Style makes for enjoyable popcorn flicks. Evans brings that to the table in spades. But the precision of Tom Cruise/Christopher McQuarrie’s work makes you feel the stakes involved. The Gray Man is a straight arrow through and through. But so is Cruise's Jack Reacher, who Christopher McQuarrie made threatening enough that you can always feel the calm before the storm when he strikes, even if he's just trying to escape two bozos in a bathroom. It's choreographed to perfection, but it still comes across as tactile and imperfect and improvised on the spot, which is what The Gray Man is missing. There's not a lot of tension in the action, and there's too much humor to discern if the movie even wants to be a spy thriller.
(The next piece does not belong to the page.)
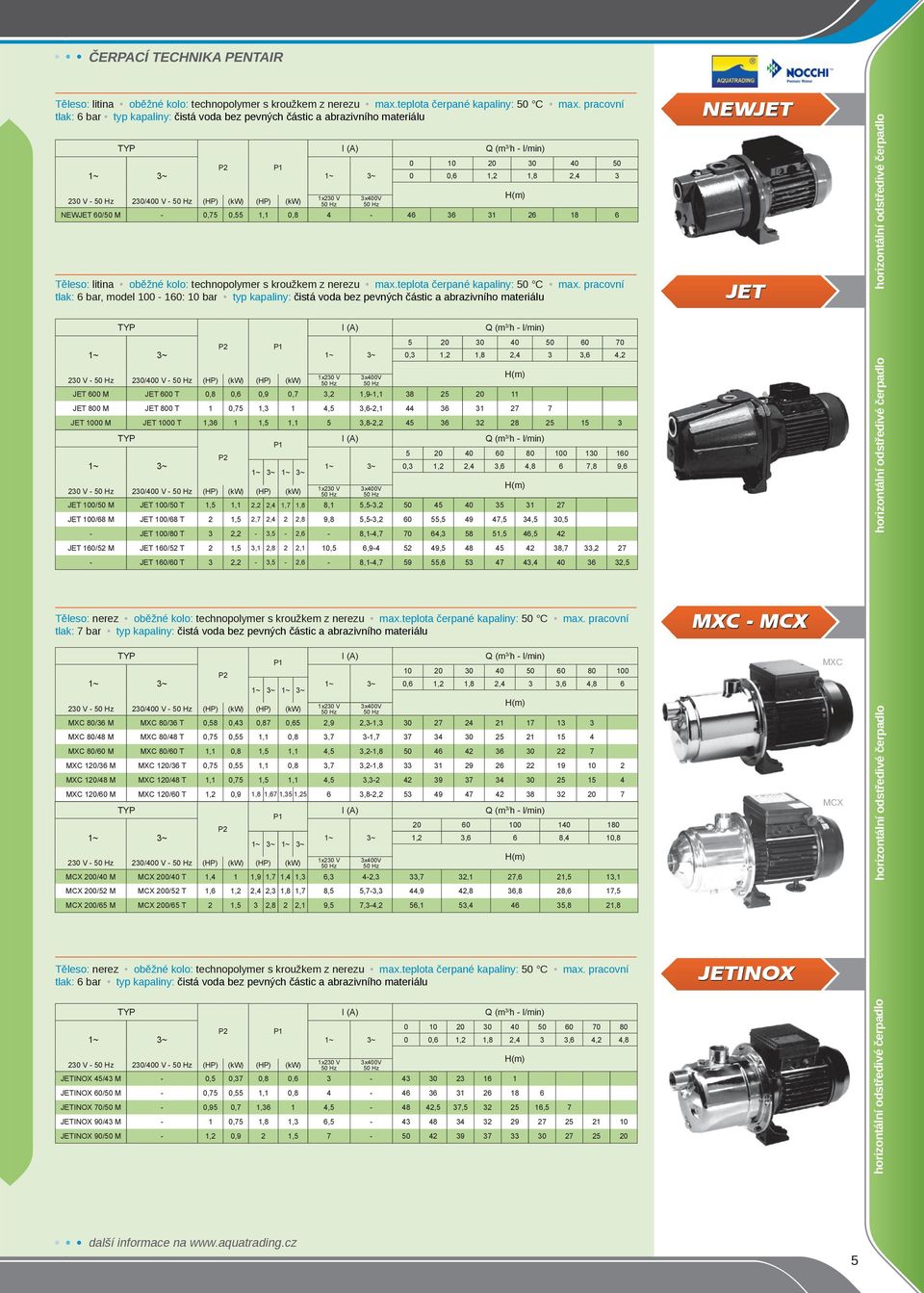 31 26 18 6  pracovní tlak: 6 bar, model 100-160: 10 bar typ kapaliny: čistá voda bez pevných částic a abrazivního materiálu NEWJET JET horizontální odstředivé čerpadlo 230 V - 230/400 V - (HP) (HP) 5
At some point, Netflix and the Russos banked on Six versus Lloyd Hansen; the draw for audiences would be Gosling vs Evans. With that in mind, the film is...fine. It'll be something I put on when I'm at home working or cleaning or just want to daydream about my baes. It's okay to watch movies that you don't have to think about. On that note, it's falling perfectly in line with what Netflix has to offer these days.